With that injury now behind him, Pope will be looking to hit the ground running as Surrey begin their County Championship campaign against Gloucestershire at Bristol on Thursday. With England starting their Test summer against New Zealand on 2 June, he’ll also hope that he has credit in the bank after scoring a first century in just his sixth Test against South Africa in Port Elizabeth last winter.
Having failed to reach a fifty in his past six Tests, though, he knows that he needs to re-find his feet sooner rather than later. He’ll take comfort in the knowledge that the conditions he faced in India will be tougher than pretty much any he’ll come up against again.

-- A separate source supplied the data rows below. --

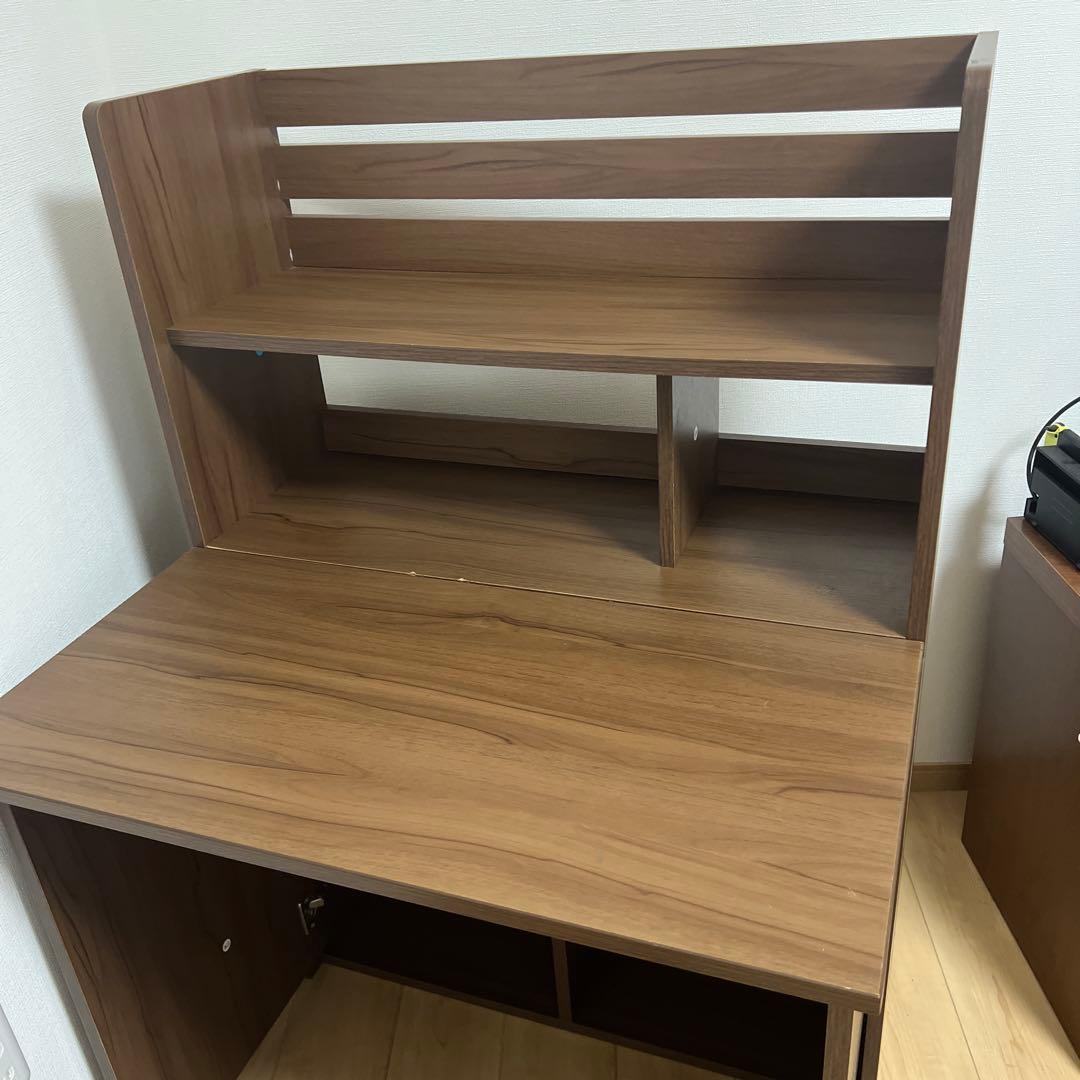 ニトリ.ブラウン木製シンプルデスク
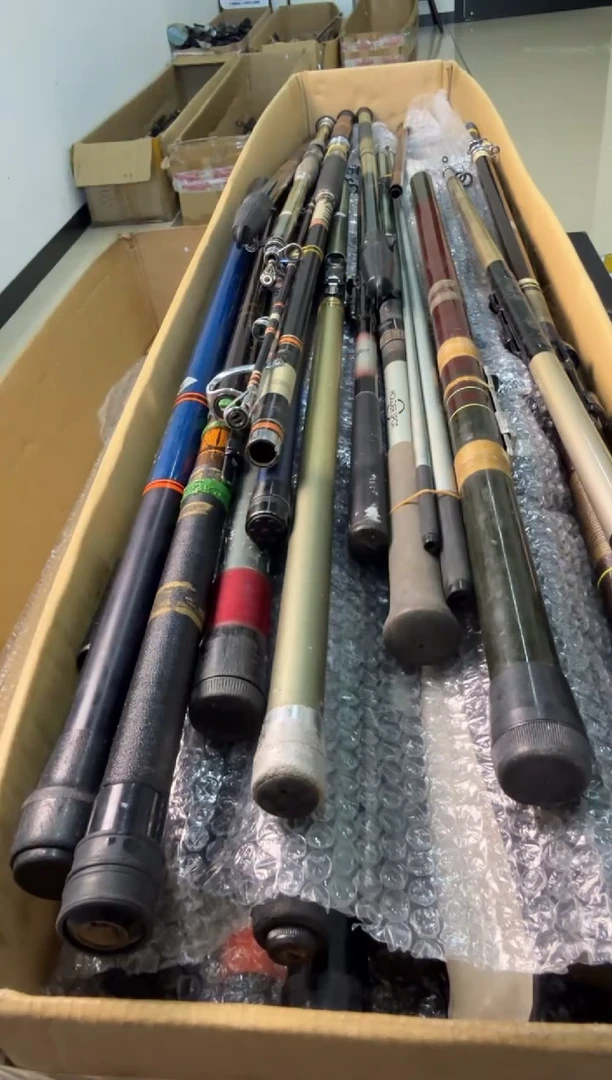 叶*鱼竿孤品微瑕，以直播间介绍为准，加10元发顺丰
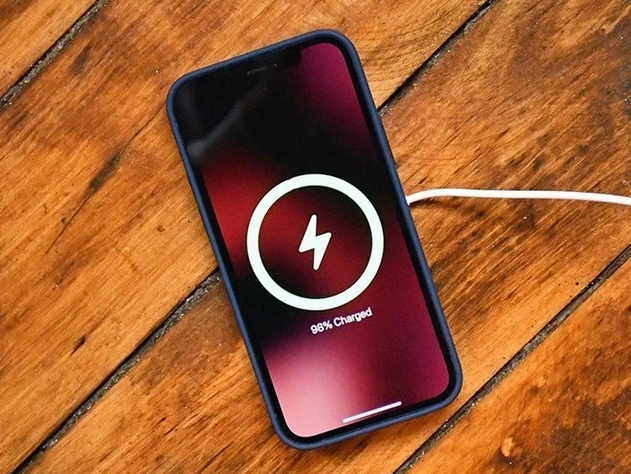 陕州苹果手机维修分享iPhone 12可以随便充电吗 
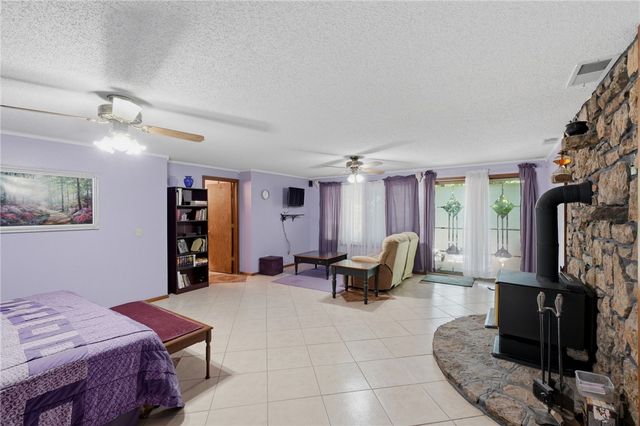 8 Cromer Drive, Bella Vista, AR 72715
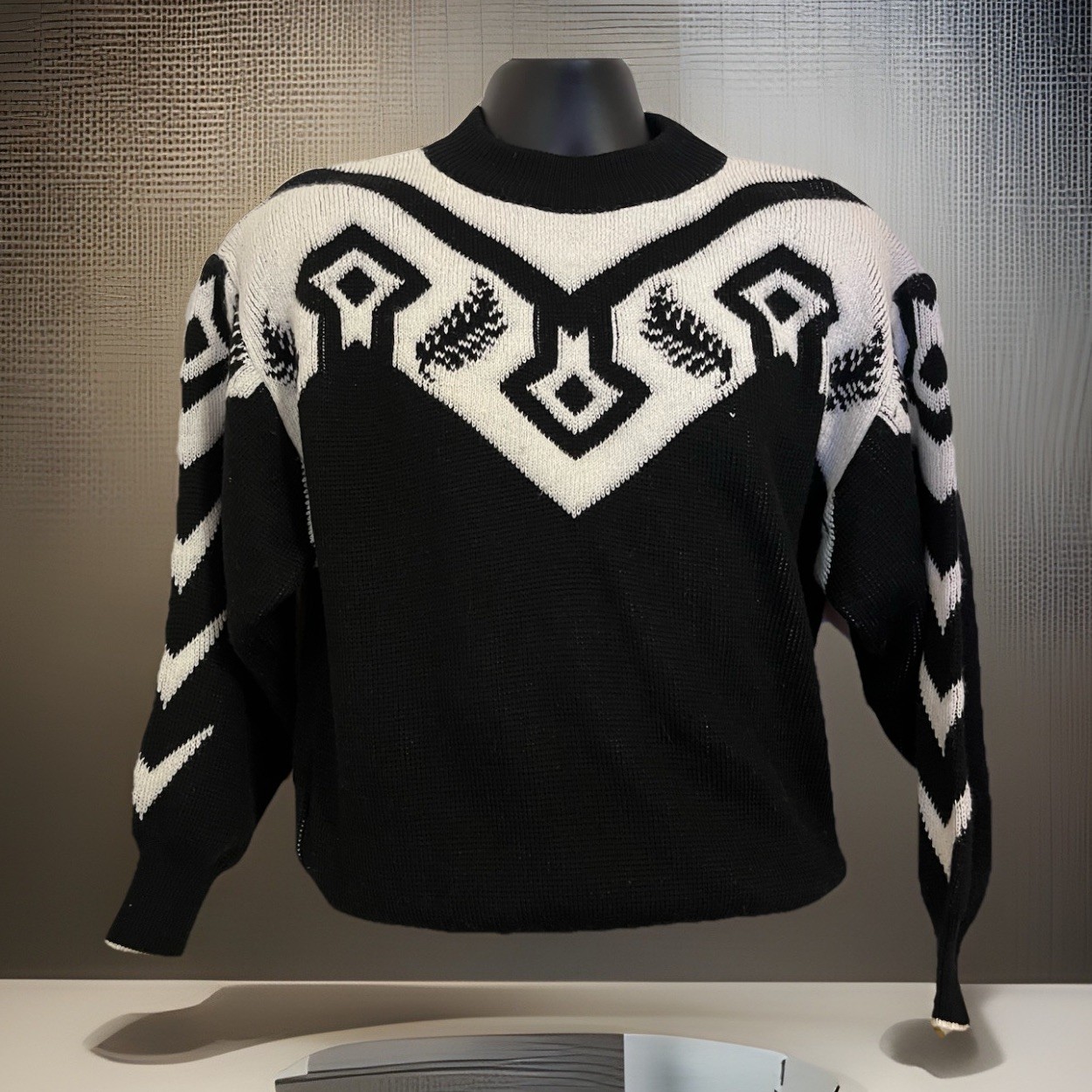 VTG 80s Pioneer Wear Sweater Western Southwest Feathers Aztec Black White L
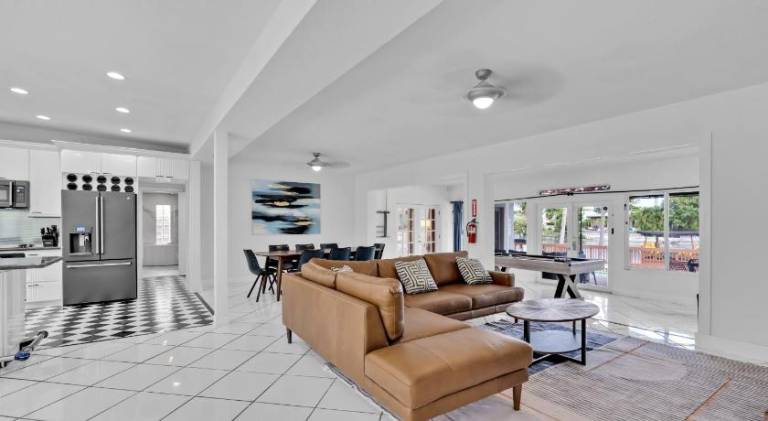 Ample vacation home with pool | Pet-friendly — photo 4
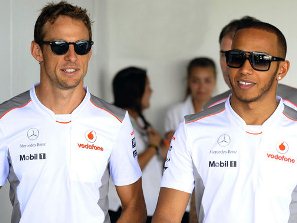 Jenson-Button-Lewis-Hamilton.jpg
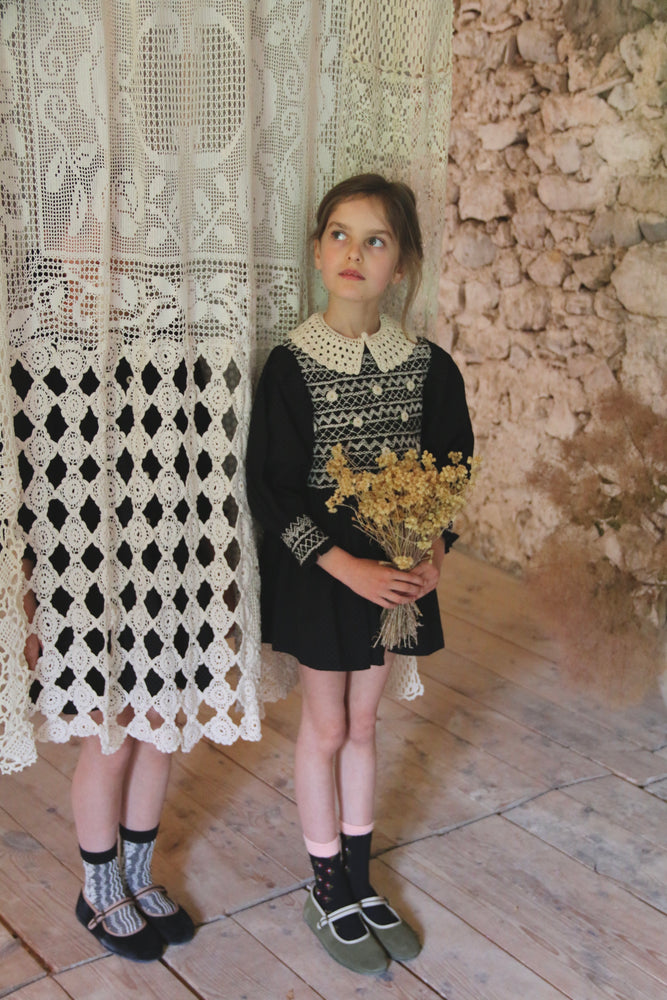 Handsmock blouse with crochet collar black dot print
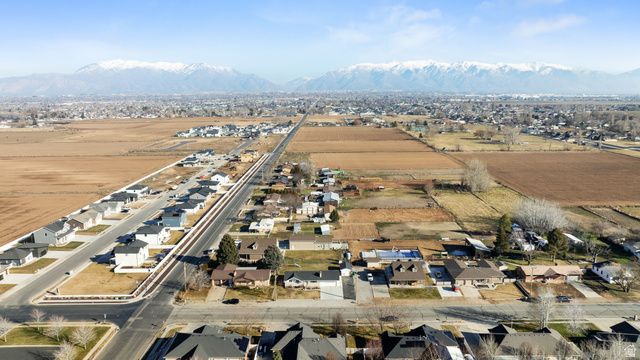 774 N 4000 W, West Point, UT 84015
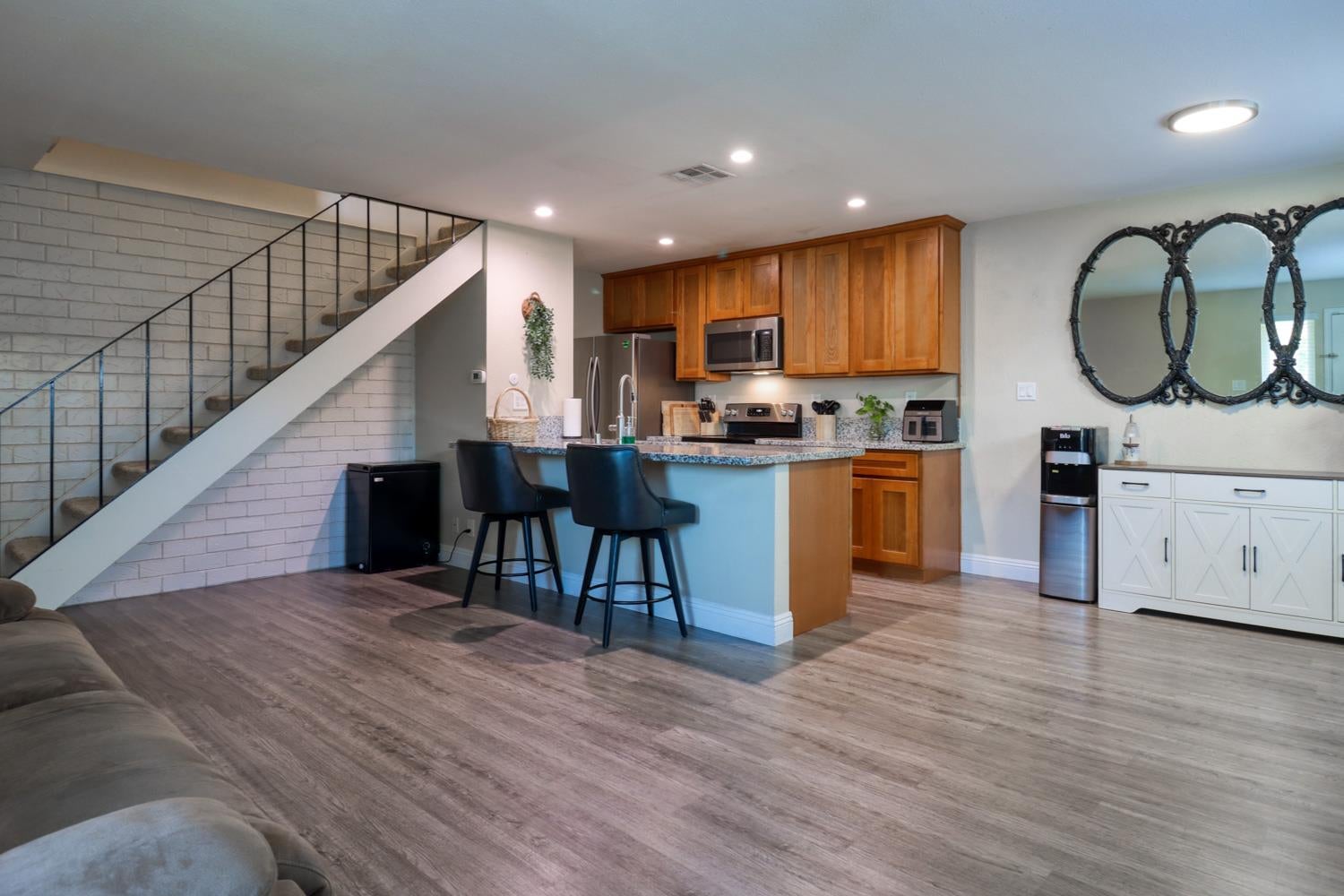 5615 Revelstok Drive 2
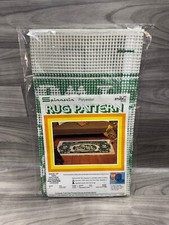 SPINNERIN LATCH HOOK RUG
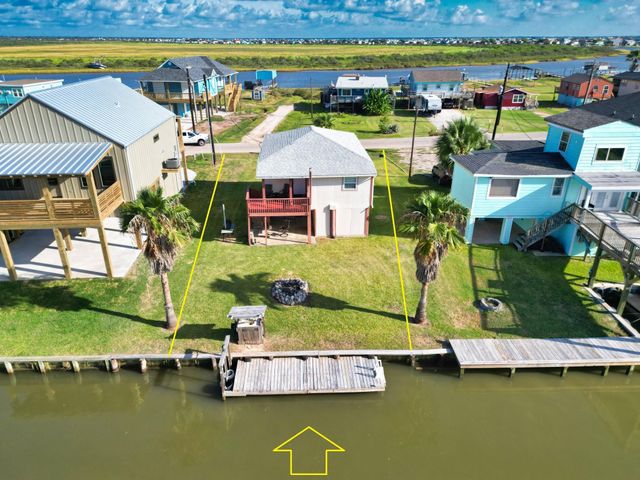 1525 County Road 201, Sargent, TX 77414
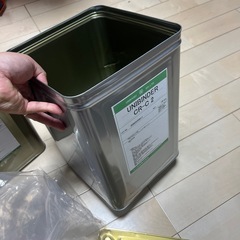 一斗缶【18L】2缶セット　フタ付きタイプの画像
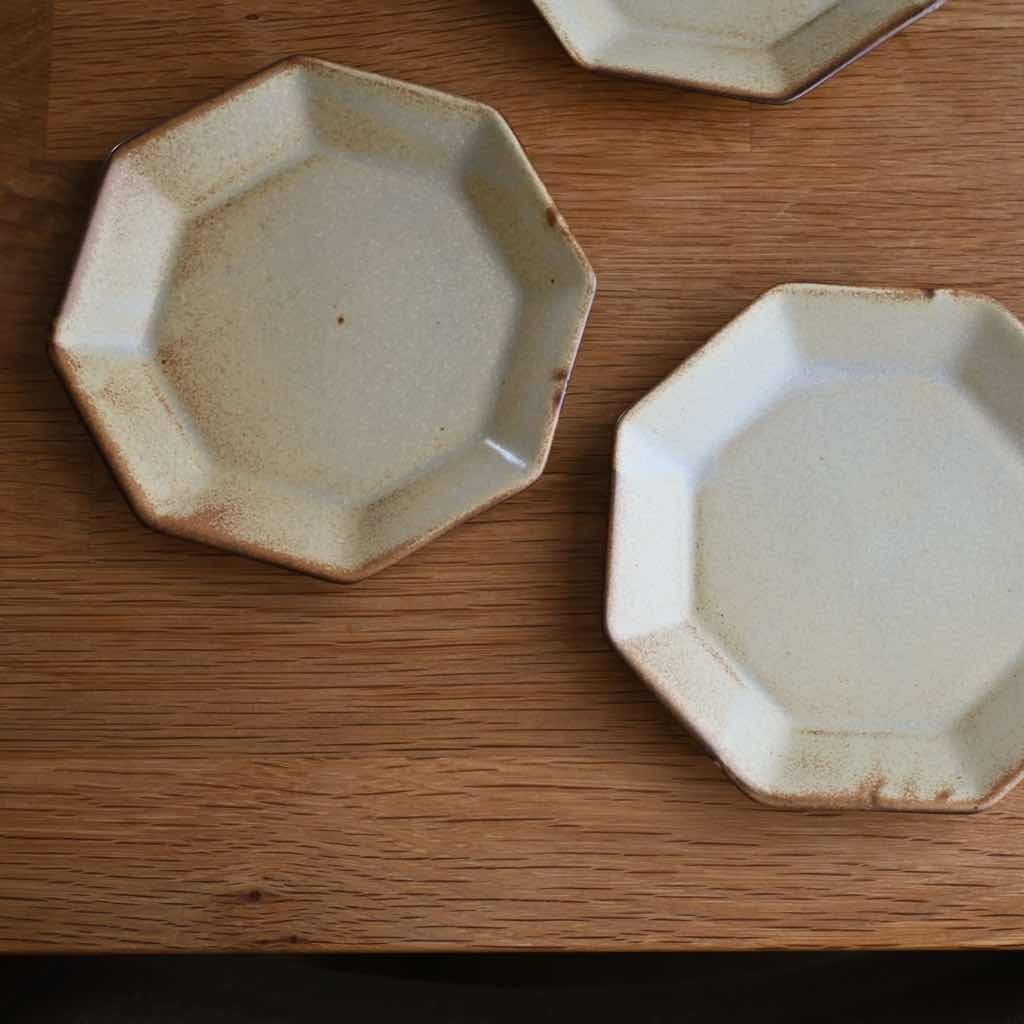 オクタゴンプレート オークル 14.7cm｜黄土色 八角皿 瀬戸焼 中皿 平皿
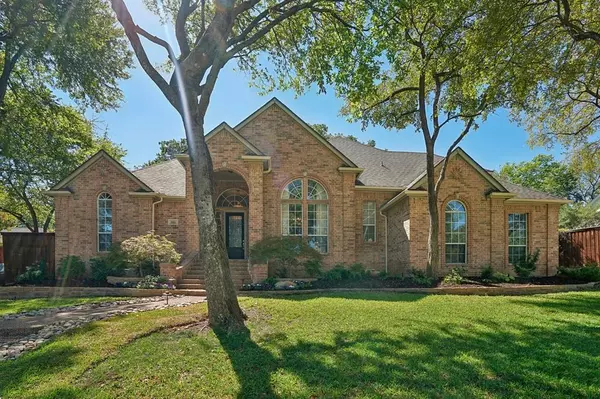 2821 Kingswood Drive, Grapevine, TX 76051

“After that first game, I remember I was batting first innings, played okay [but] felt pretty rusty,” he says. “In the second innings the pitch started spinning quite a lot, I was standing at the non-strikers end and [Virat] Kohli came up to me and said that this was the last of the flat wickets. At that point, I knew it was going to be a challenging, from a batting point of view, rest of the series.
“Because they were extreme, they did spin a lot, especially with that pink ball, that made it even tougher. If you look at who was the most successful on those big spinning wickets, it was probably the Rohit Sharma’s and the Rishabh Pant’s. Don’t get me wrong, they trusted their defence really well but they’ve got some great boundary options as well, which allowed them to turn the pressure to the bowler a little bit.
“Obviously defending you do need a little bit of luck, you need your play and misses and you need to hope your nicks drop short, but I think if you can just really nail your boundary options and if you know that if he gets into this area you can hit him over Cow [Corner] or mid-on for six of four, that’s a good way of turning pressure over.”
Pope argues that merely accumulating runs on pitches where the next ball could very well have your name on it perhaps isn’t the best option. Although England’s capitulation in two days in the third Test did little to dispel the notion that a modicum of patience might have gone a long way.
That said, batting at the Oval in the early part of this domestic season will seem a doddle to a batsman who boasts a first-class average in excess of 50.
“Chatting to the more experienced guys, the Joe Root’s, the Ben Stokes, those guys were pretty much saying exactly the same – these are the toughest conditions they’ve played in,” says Pope. “If those guys are saying it as well, then you know how challenging it is.”
With the Himalayan task of reclaiming the Ashes approaching rapidly, Pope will hope his Indian examination helps him pass his next test with flying colours.